> Problem description: Reproduce only this range: the line holding "車はいっぱい停車していたけれど" through the last line of the data below, both included, exactly, with no pictures.

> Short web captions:
§ §

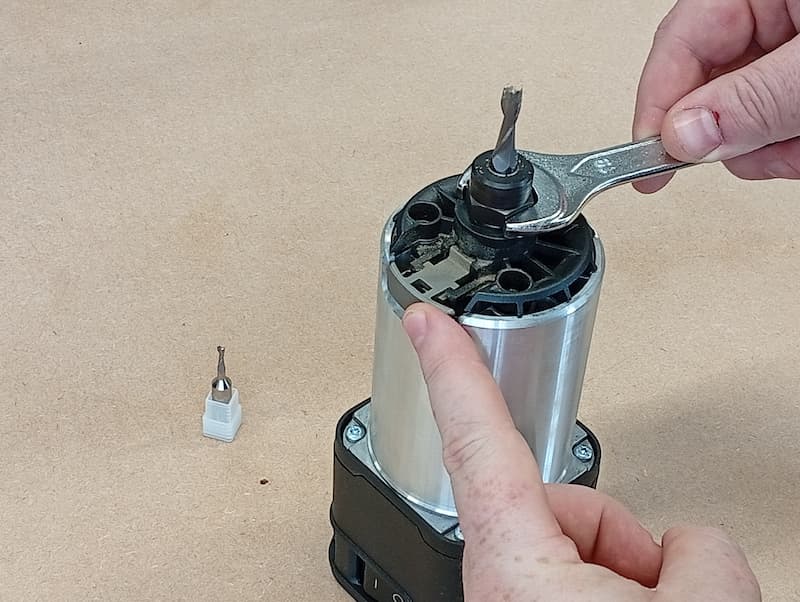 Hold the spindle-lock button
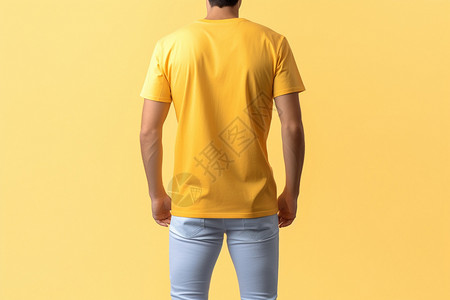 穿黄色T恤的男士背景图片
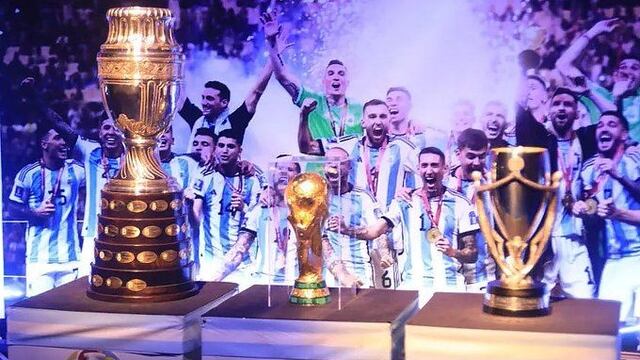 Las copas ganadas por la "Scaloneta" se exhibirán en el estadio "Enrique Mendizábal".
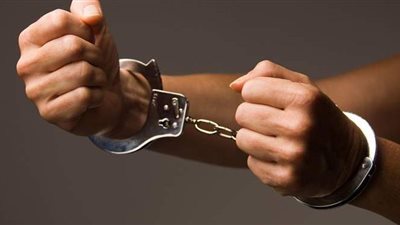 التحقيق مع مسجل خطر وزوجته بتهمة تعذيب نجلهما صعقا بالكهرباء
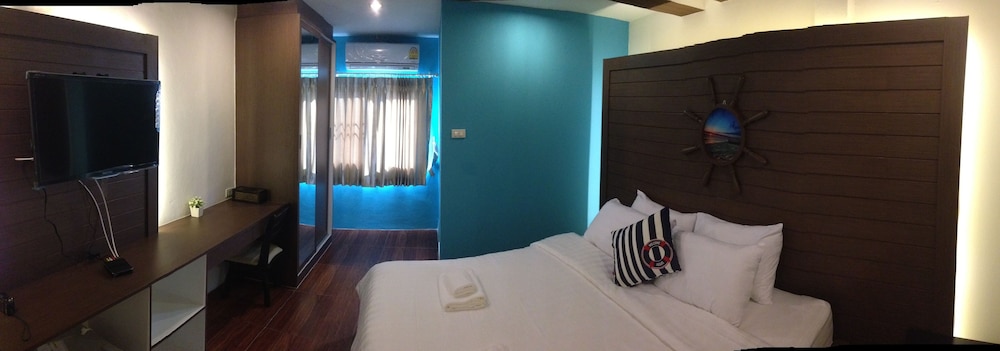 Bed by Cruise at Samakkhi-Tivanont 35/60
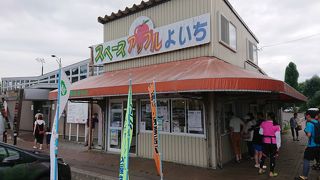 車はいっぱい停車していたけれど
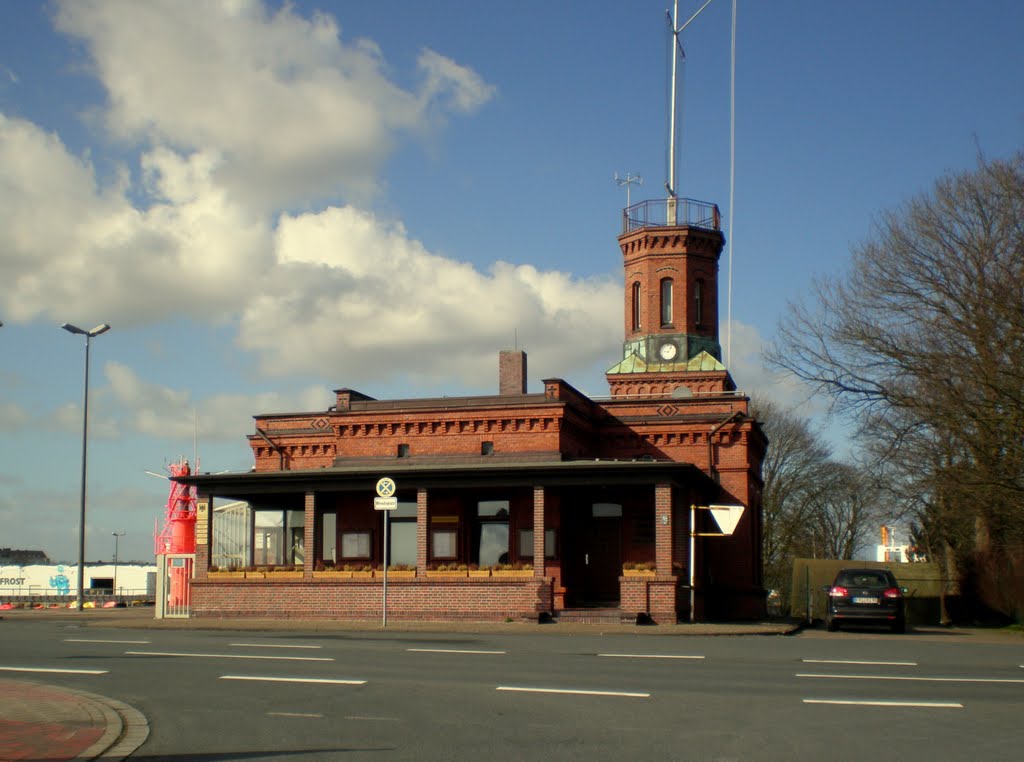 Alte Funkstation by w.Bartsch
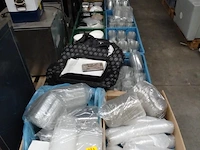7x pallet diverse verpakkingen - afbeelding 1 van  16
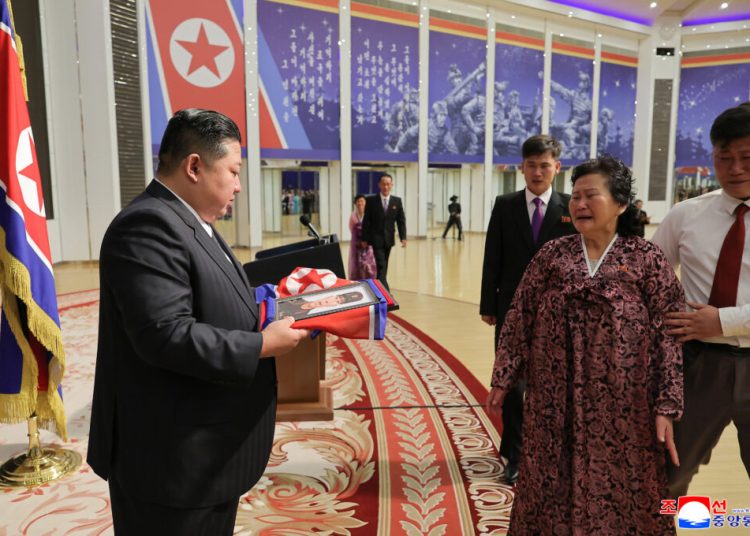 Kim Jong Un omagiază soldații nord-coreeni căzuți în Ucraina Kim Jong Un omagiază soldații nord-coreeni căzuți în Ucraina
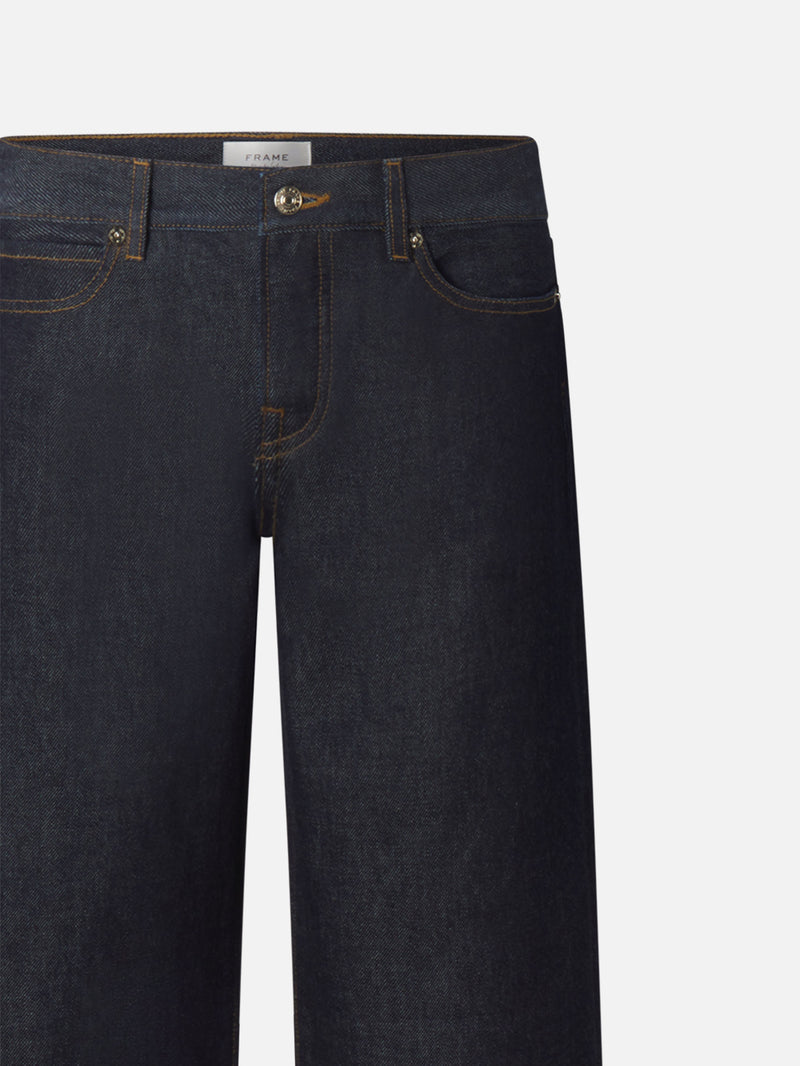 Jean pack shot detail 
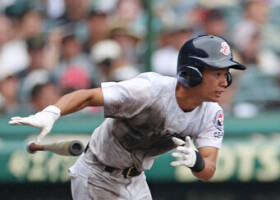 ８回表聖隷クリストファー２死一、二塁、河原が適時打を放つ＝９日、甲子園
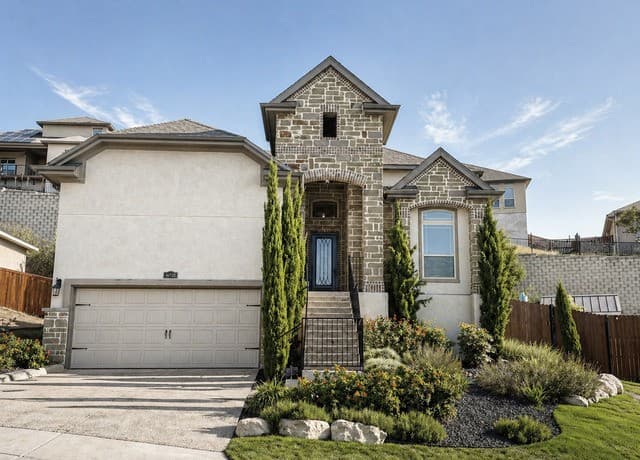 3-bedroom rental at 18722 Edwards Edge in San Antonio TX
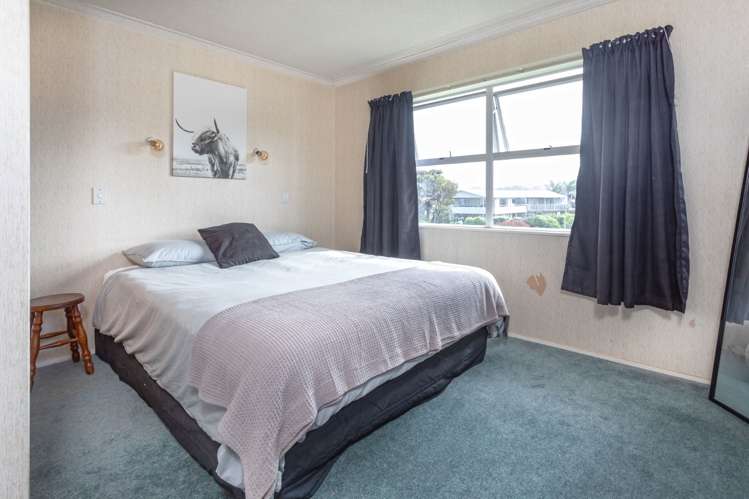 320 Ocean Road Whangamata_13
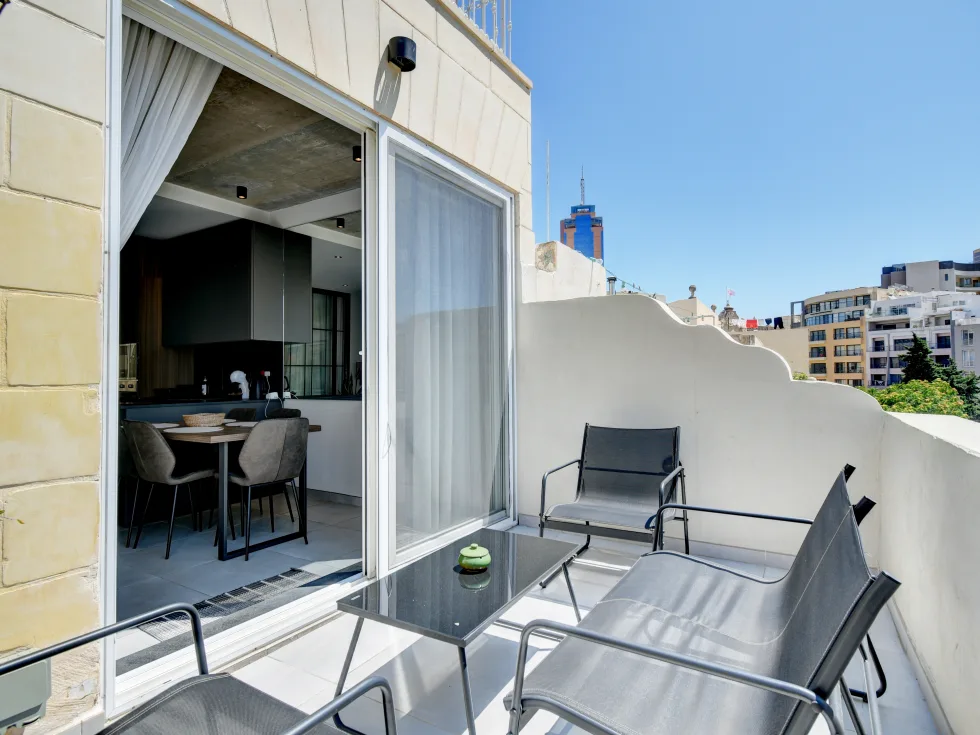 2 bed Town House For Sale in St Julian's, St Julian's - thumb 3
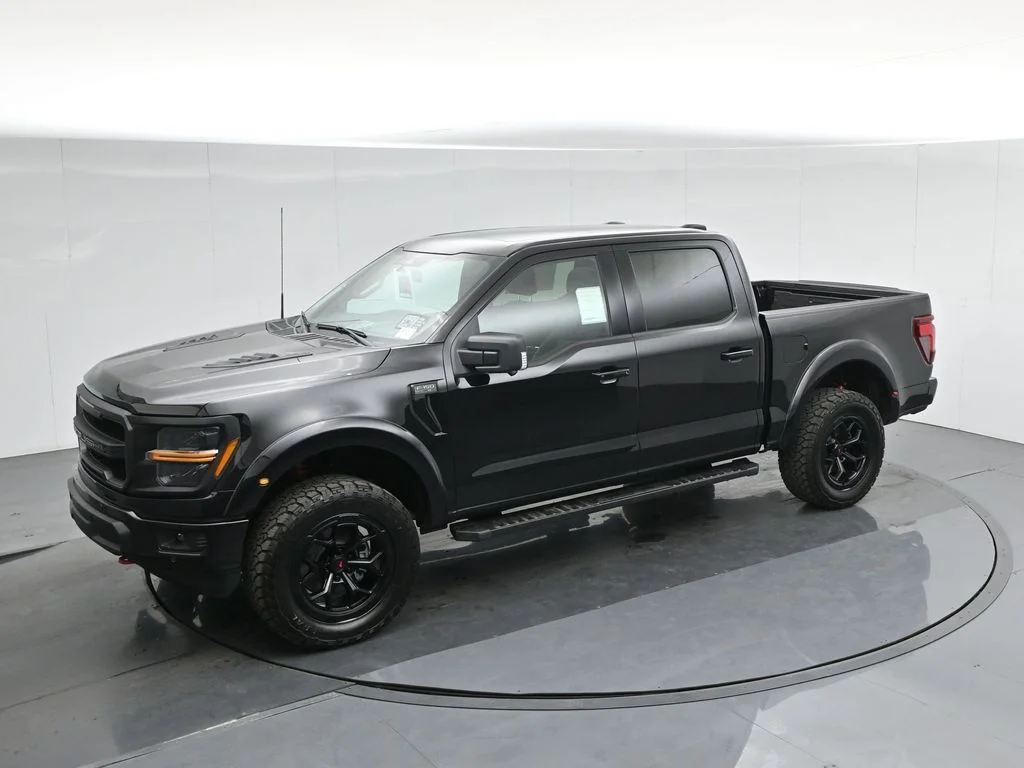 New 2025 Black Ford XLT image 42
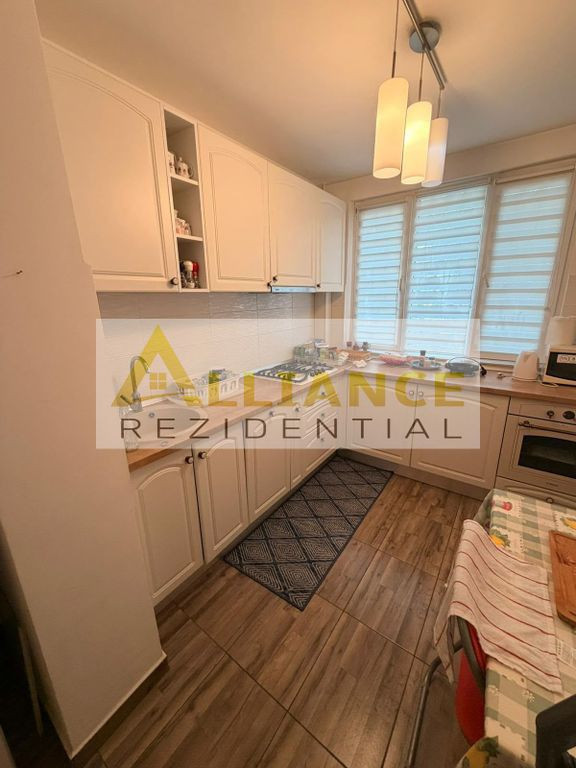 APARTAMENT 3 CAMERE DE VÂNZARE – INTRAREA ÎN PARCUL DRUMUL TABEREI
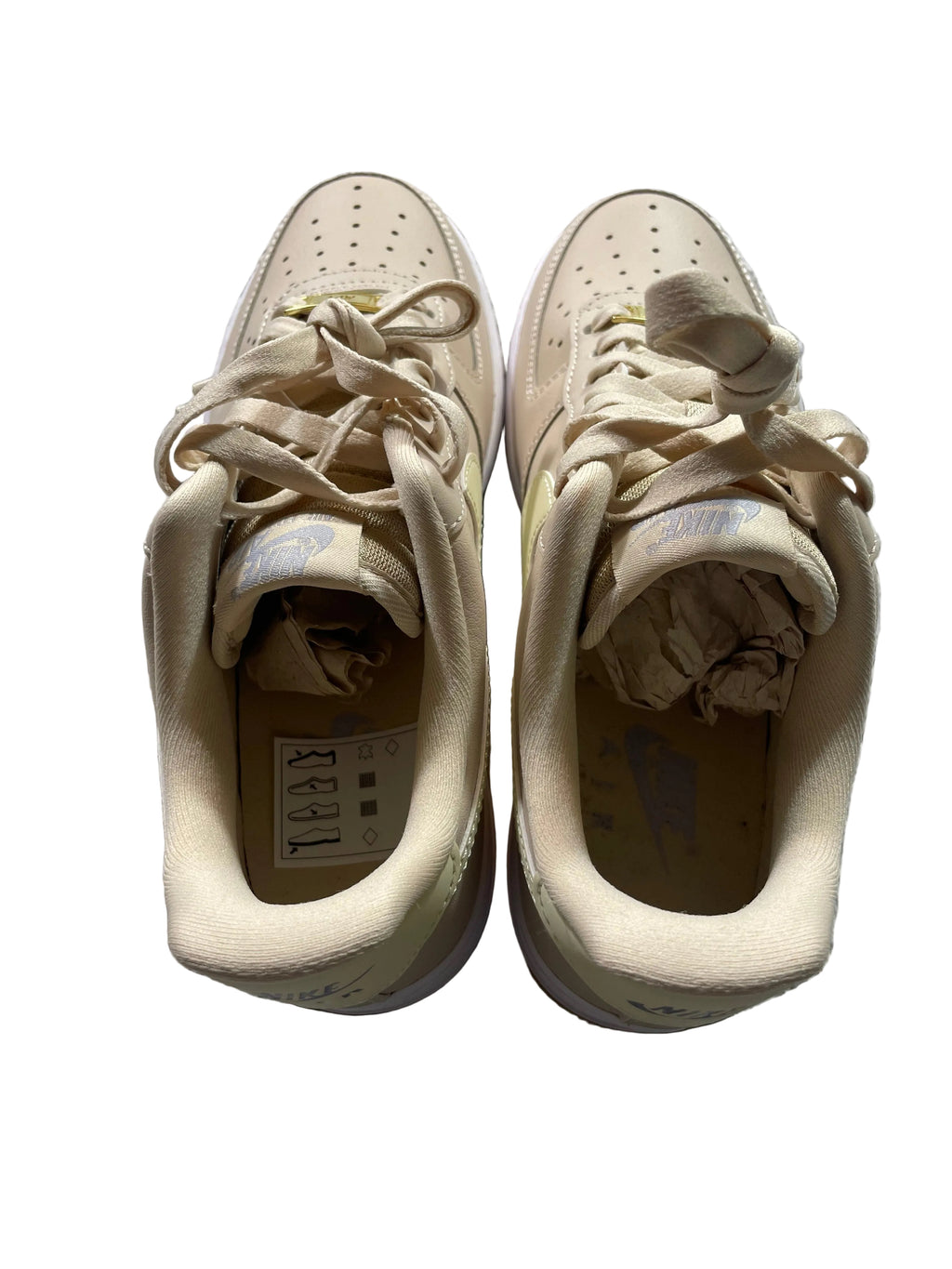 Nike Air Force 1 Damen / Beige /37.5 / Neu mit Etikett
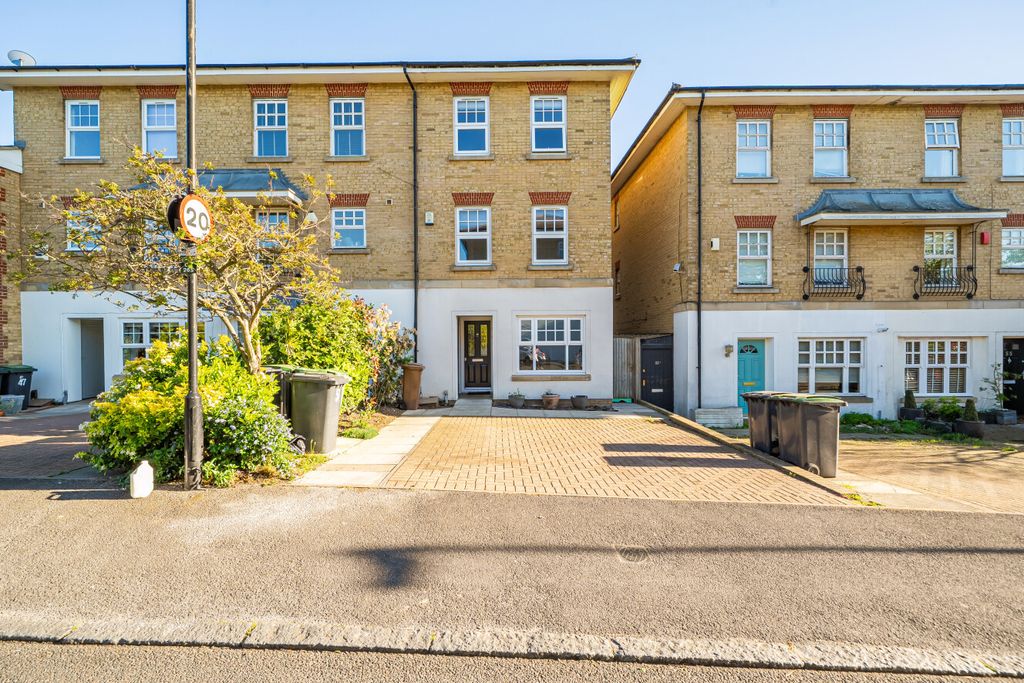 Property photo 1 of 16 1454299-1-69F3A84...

§ §

> Reply:
 車はいっぱい停車していたけれど
 Alte Funkstation by w.Bartsch
7x pallet diverse verpakkingen - afbeelding 1 van  16
 Kim Jong Un omagiază soldații nord-coreeni căzuți în Ucraina Kim Jong Un omagiază soldații nord-coreeni căzuți în Ucraina
 Jean pack shot detail 
 ８回表聖隷クリストファー２死一、二塁、河原が適時打を放つ＝９日、甲子園
 3-bedroom rental at 18722 Edwards Edge in San Antonio TX
 320 Ocean Road Whangamata_13
 2 bed Town House For Sale in St Julian's, St Julian's - thumb 3
 New 2025 Black Ford XLT image 42
 APARTAMENT 3 CAMERE DE VÂNZARE – INTRAREA ÎN PARCUL DRUMUL TABEREI
 Nike Air Force 1 Damen / Beige /37.5 / Neu mit Etikett
 Property photo 1 of 16 1454299-1-69F3A84...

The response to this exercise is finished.